Die erste Begegnung zwischen Christine Schmidts Lebensgefährten Johann und ihrem Vater Heinz ging gründlich daneben (Dora Heldt: Urlaub mit Papa, dtv). Auch als gestandene Frau von Mitte 40 möchte man ja nicht, dass der Partner denkt, man entstamme einem Haufen meschuggener Nervensägen, denen jeglicher Bezug zur Realität fehlt. Also startet Christine einen neuen Versuch: Beim Urlaub auf Sylt, im Haus von Christines Eltern, soll Johann davon überzeugt werden, dass ihre Familie eigentlich ganz nett und normal ist.

Schon am Bahnsteig ahnt Christine, dass das wohl auch diesmal schief gehen wird. Denn mit Sack und Pack und einem knallroten Hut steht auf einmal Papas Schwester da, Inge Müller, die eigentlich bei ihrem Mann Walter in Dortmund sein sollte. Tante Inge, so stellt sich heraus, war zur Kur. Dort muss ihr wohl das eine oder andere Licht aufgegangen sein, denn sie hat beschlossen, ihr Leben grundlegend zu verändern.
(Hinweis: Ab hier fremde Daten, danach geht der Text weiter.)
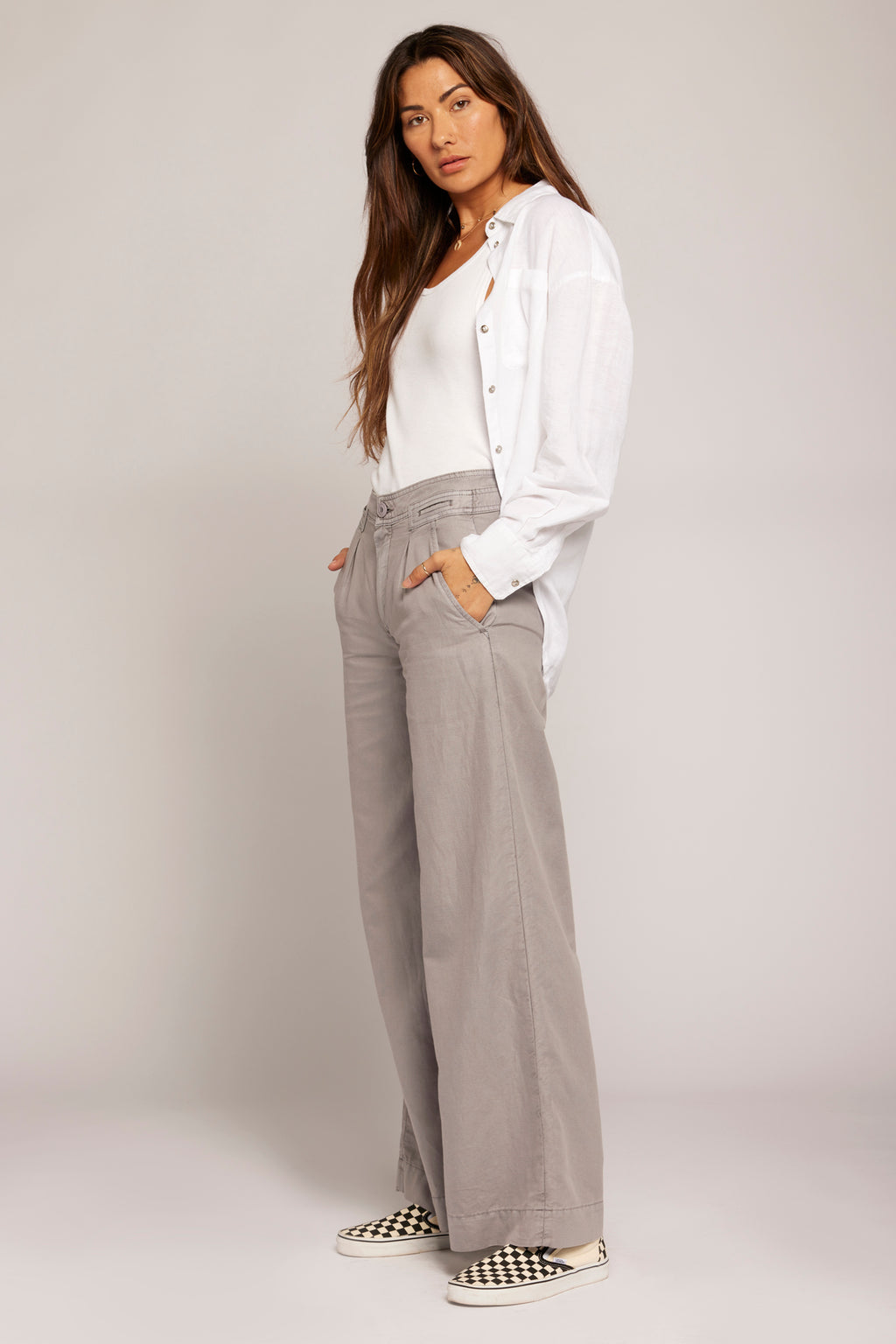 Teresa Wide Leg Ankle Jeans In Plus Size - Optic White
Schön für Inge. Aber was wird ihr "großer Bruder" Heinz dazu sagen? Er ist schon seit Kindertagen davon überzeugt, Inge vor jeglichem Unheil bewahren zu müssen. Und wer Heinz kennt, weiß: wo er helfend eingreift, da wächst kein Gras mehr. Das weiß auch Inge und hält sich zum Ärger der Verwandten bezüglich ihrer Pläne sehr bedeckt. Dass nun auch noch Inges Kur-Freundin Renate auftaucht, die Inge "beistehen" will und mit ihren eigenen Spekulationen die Gerüchteküche weiter anheizt, macht die Sache nicht einfacher.

Heinz, sein Kumpel Kalli und Schwager Walter starten mit Renates Hilfe ein Rettungsprogramm für Inges Ehe, das Heinz Eheweib Charlotte aus dem Haus und Tochter Christine auf die Palme treibt. Die Aktion mündet prompt in ein fürchterliches Tohuwabohu, im dem unter anderem eine Hecke, ein angebrochener Hintern und ein Polizeieinsatz eine Rolle spielen.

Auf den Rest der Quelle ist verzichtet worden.